Typical use case : When you're testing 5 variants; each gets 20% of traffic. When you make a ship decision, the winning variant goes from 20% of traffic to 100% of traffic. If you want to ramp traffic gradually to understand impact on CPU (or other resources), this feature lets you configure and schedule a multi-step, automated ramp.
Learn more here.
Server Core is a full rewrite of our Server SDKs based on a shared, performance-focused Rust library. Today, we're launching the Rust library itself as a standalone, brand-new Rust SDK.
So far, we've launched Node, Java, PHP, Python, and Elixir Core SDKs. Each of those depends on the Rust core, which today we're launching as its own SDK. Given its usage across numerous languages, we've invested in performance optimization of this Rust library, with substantial improvements vs. our original Rust SDK. In addition, Rust Core has new-to-Statsig features like Parameter Stores, Contextual Multi-Armed Bandits, and more.
Rust core is available on crates - read the docs to get started!
Quantifying your impact is critical. Statsig's Insights page provides you a clear view of how experiments impact a metric of interest. It allows you to focus on a single metric, identify which experiments are driving it most and estimate the aggregated impact. You can filter down to a team, or a tag. This is particularly useful to understand your team’s impact or set a reasonable goal for a future period.
You navigate to the Insights section on the Statsig console, or the insight tab for each metric, to check it out. Learn more here.
Want to monitor new sign-ups? Want to be alerted if feature performance is slow or a page fails to load? Topline Metric Alerts allow you to monitor a metric's topline value, independent of any Feature Gate or Experiment Rollout.

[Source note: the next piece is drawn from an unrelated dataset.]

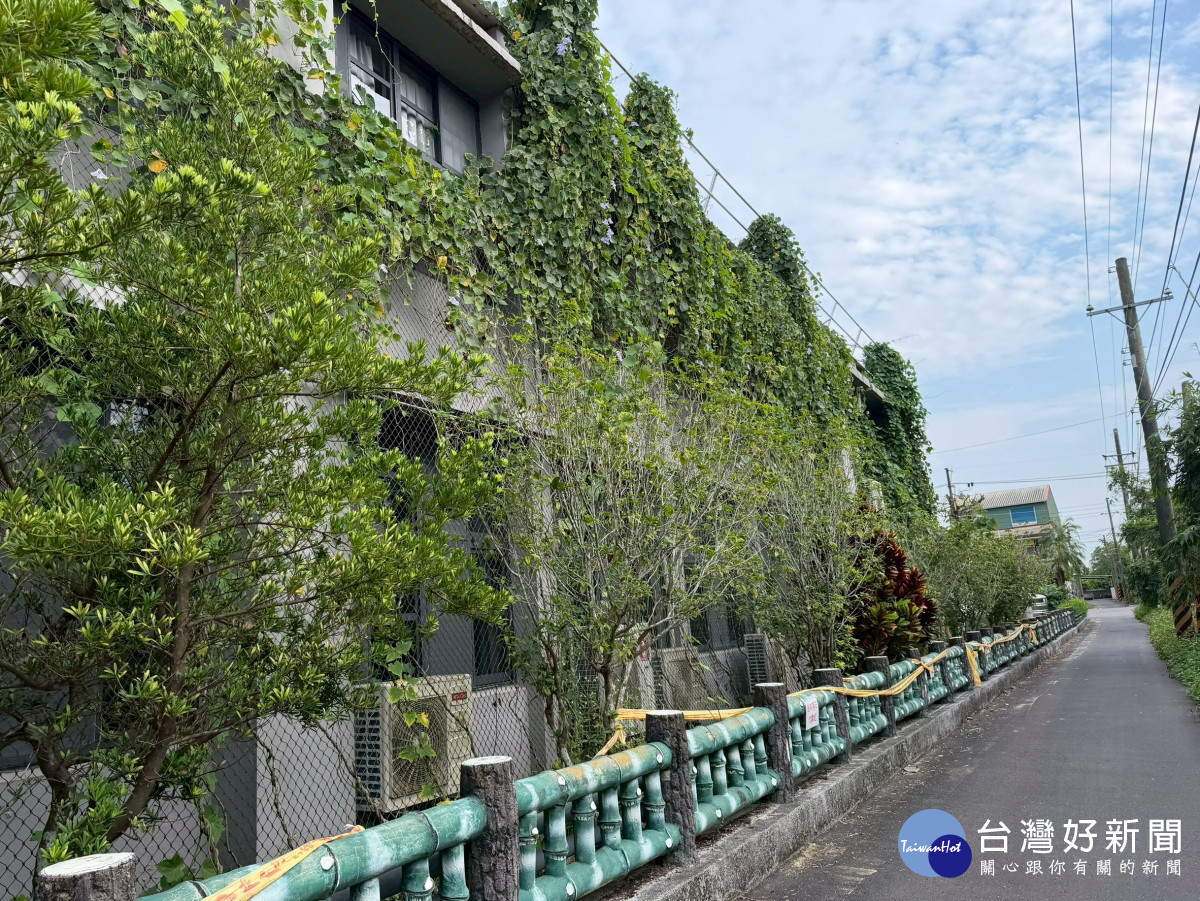 南市強化校園空品預警防護網　守護敏弱族群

To configure a Topline Alert, head to Analytics -> Topline Alerts tab where you can find all your Topline Alerts and configure new ones. Choose the event you want to alert on and the aggregation you're most interested in, then craft a notification message and configure alert subscribers. To learn more, check out our docs here!
Note: this feature is in Beta and not broadly available (yet!) Please reach out to us if you'd like to be opted in for early access.
We're excited to start rolling out support for Informed Bayesian. This new feature allows you to integrate meaningful priors into Bayesian analyses, leading to faster insights and smarter decision making.
Reach out in Slack to opt your team in to this.
The Statsig Contentful app lets you create A/B/n tests and test different content blocks against each other - creating the experiment without leaving Contentful. Marketers can now optimize content, obtain insights, and iterate continuously right from within Contentful.
Learn more here.
Today we're announcing the Statsig Elixir Core SDK, in an early Beta. Elixir core is built around our performance-focused and rust-based Statsig Server Core library, that we're rolling out across multiple languages and frameworks. The Server Core library will receive feature updates and performance optimizations rapidly given its usage across multiple SDKs. Elixir core is written with Rustler and has some operations that are dirty scheduled, so it may not work in all Elixir environments. This SDK is in early Beta, and we'd be happy to hear your feedback in our Slack Channel. Get started with Elixir core in our docs!
Having your history of experiments attempted lets team's create institutional memory. When you create a new experiment with a hypothesis, Statsig now shows you existing, related experiments in case you want to explore what has already been done. You can always go to the knowledge base to explicitly look for this context too - but it's delightful to have this surfaced in-context without being intrusive.